## AIM OF THE EXERCISE
Begin with the line that holds "Hachette Boardgames Nekojima" and retype through the last line of the listing below, exactly; pictures are not part of the copy.
'''
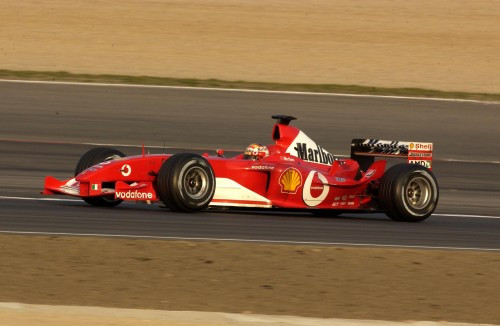 Bandymai: 2004-09-17 Mugello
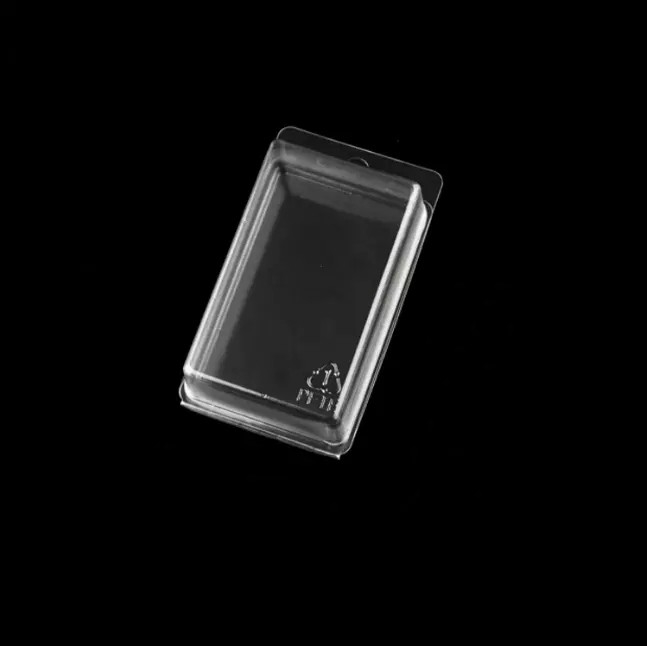 Caja plástica de la ampolla del claro de la cubierta de la suspensión del OEM para la caja del teléfono
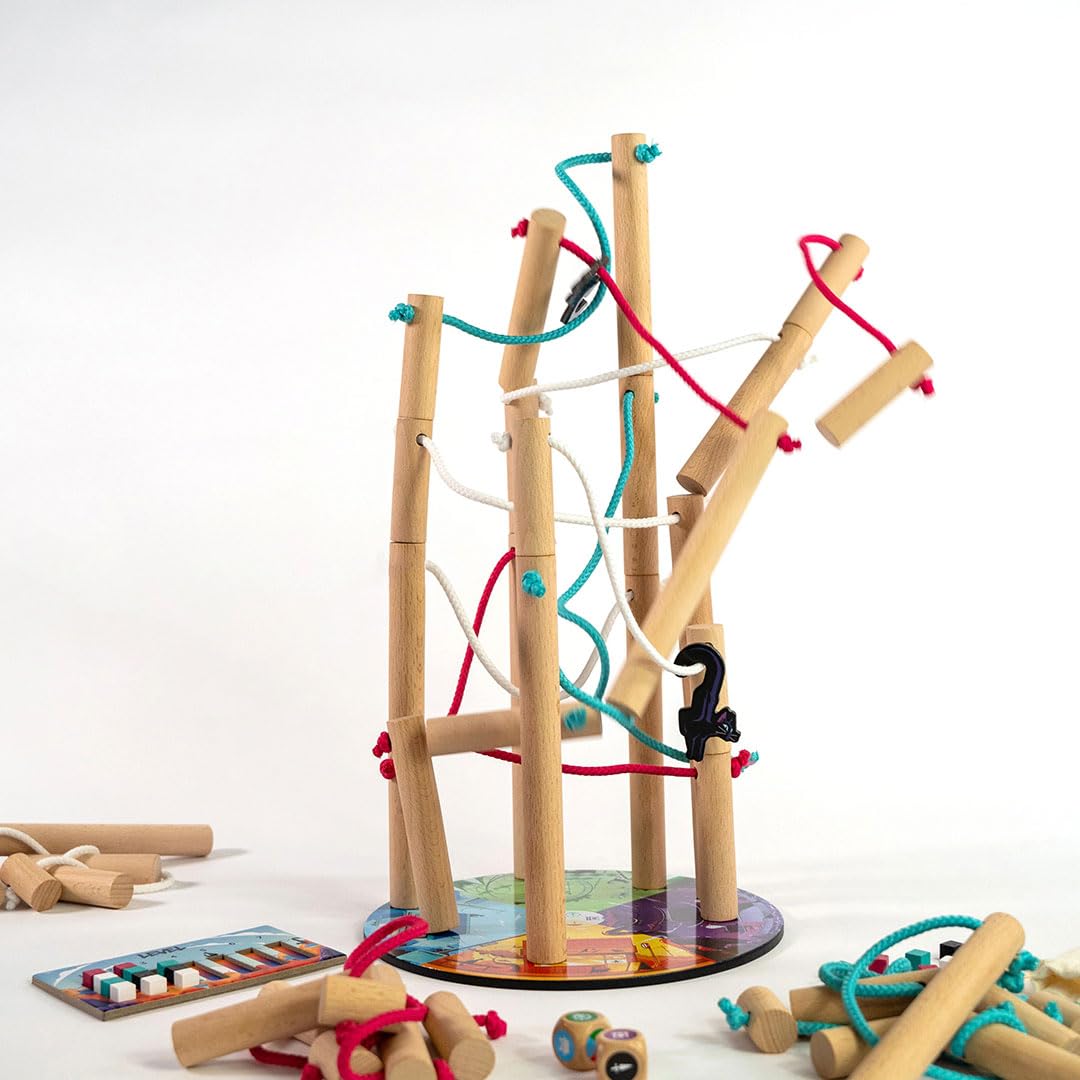 Hachette Boardgames Nekojima family play: 1–5 players enjoy cooperative or competitive rounds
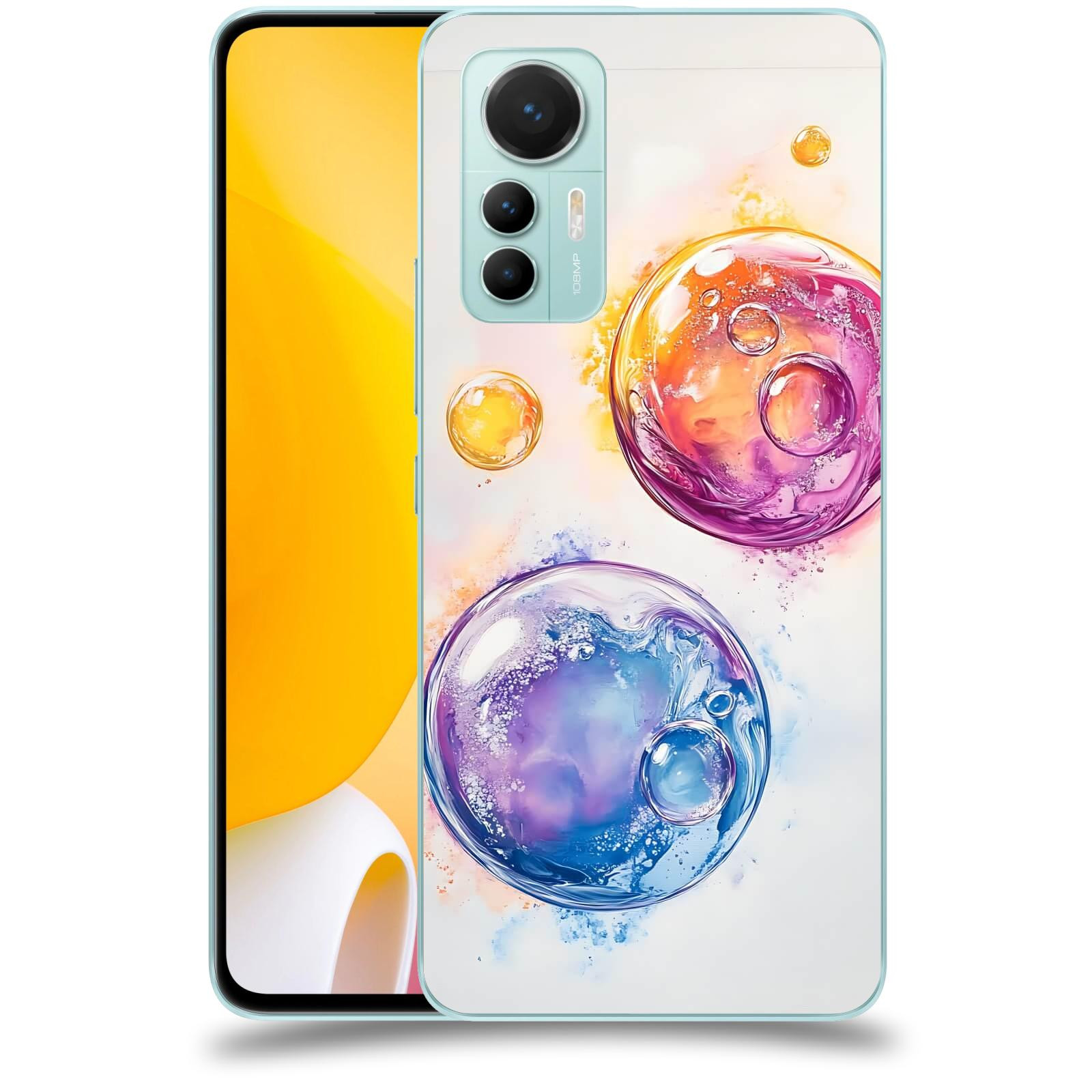 ACOVER Kryt na mobil Xiaomi 12 Lite - Tekutá energie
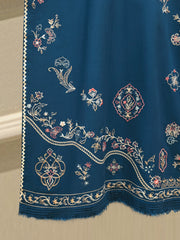 2 Piece - Embroidered Khaddar Suit S112779
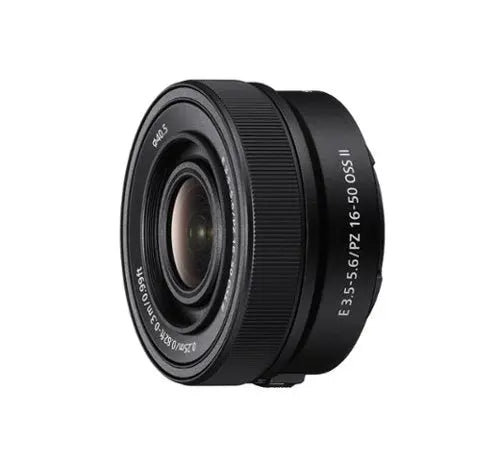 Certified Refurbished - Sony E PZ 16-50mm F3.5-5.6 OSS II Compact APS-C Standard Power Zoom Lens (SELP16502) SonyBullseye Deals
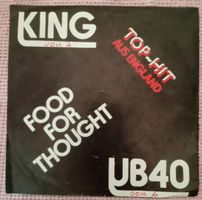 UB40 – King / Food For Thought / disque 7" vinyl 1980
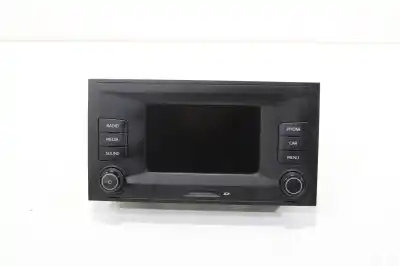 Second-hand car spare part AUDIO SYSTEM / RADIO CD for SEAT IBIZA (6P1)  OEM IAM references 5F0035888C  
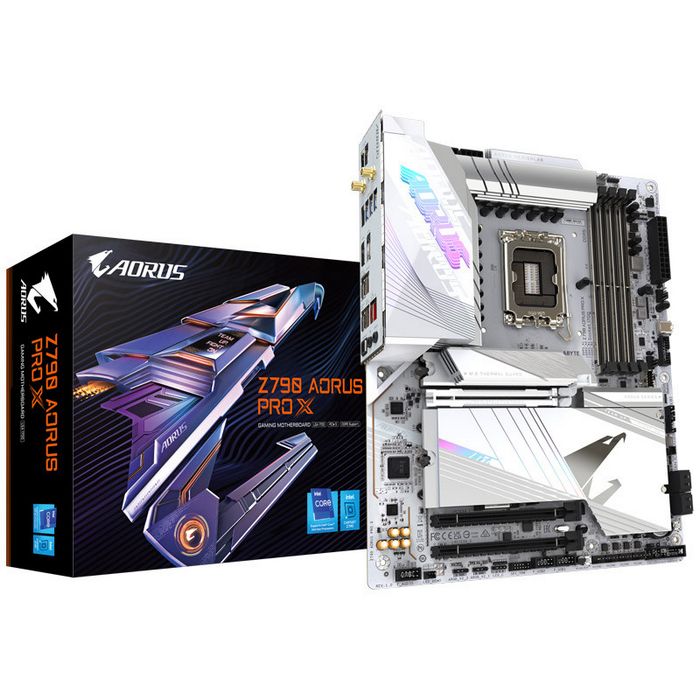 GIGABYTE Z790 Aorus Pro X, Intel Z790 Mainboard, Sockel 1700, DDR5 Z790 AORUS PRO X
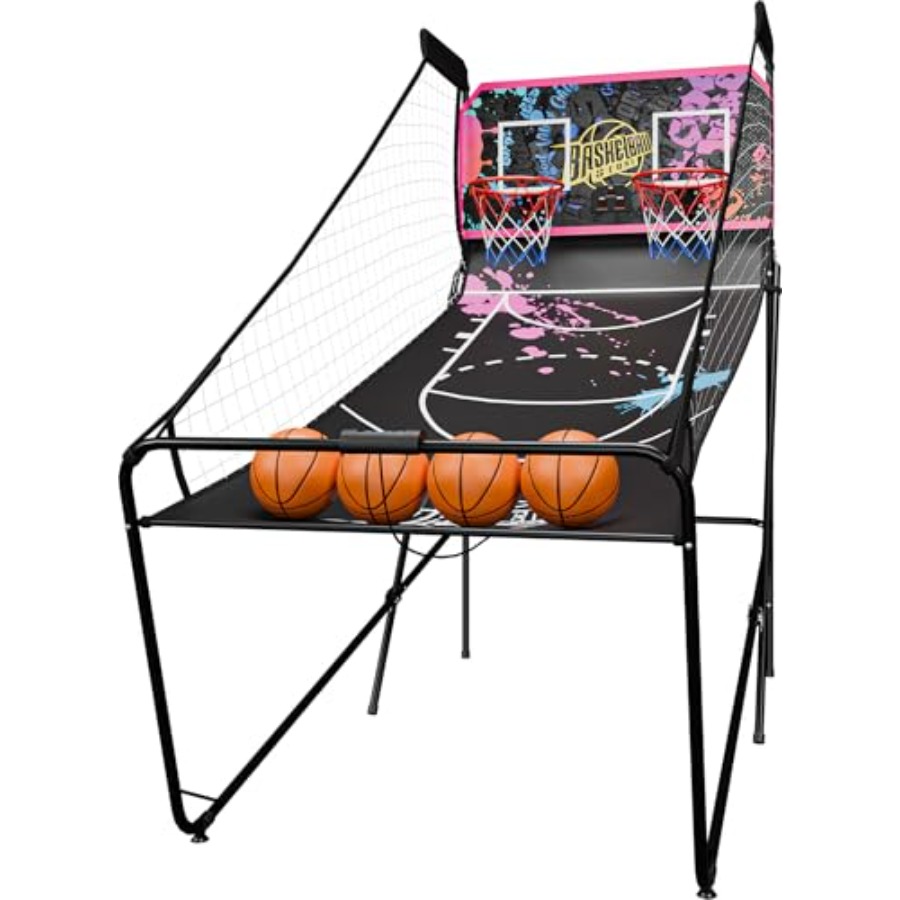 Arcade Games & Vending Llc Photos - Jogo eletrônico de basquete dobrável para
'''
## THE COMPLETED TASK
 Hachette Boardgames Nekojima family play: 1–5 players enjoy cooperative or competitive rounds
 ACOVER Kryt na mobil Xiaomi 12 Lite - Tekutá energie
 2 Piece - Embroidered Khaddar Suit S112779
 Certified Refurbished - Sony E PZ 16-50mm F3.5-5.6 OSS II Compact APS-C Standard Power Zoom Lens (SELP16502) SonyBullseye Deals
 UB40 – King / Food For Thought / disque 7" vinyl 1980
 Second-hand car spare part AUDIO SYSTEM / RADIO CD for SEAT IBIZA (6P1)  OEM IAM references 5F0035888C  
 GIGABYTE Z790 Aorus Pro X, Intel Z790 Mainboard, Sockel 1700, DDR5 Z790 AORUS PRO X
 Arcade Games & Vending Llc Photos - Jogo eletrônico de basquete dobrável para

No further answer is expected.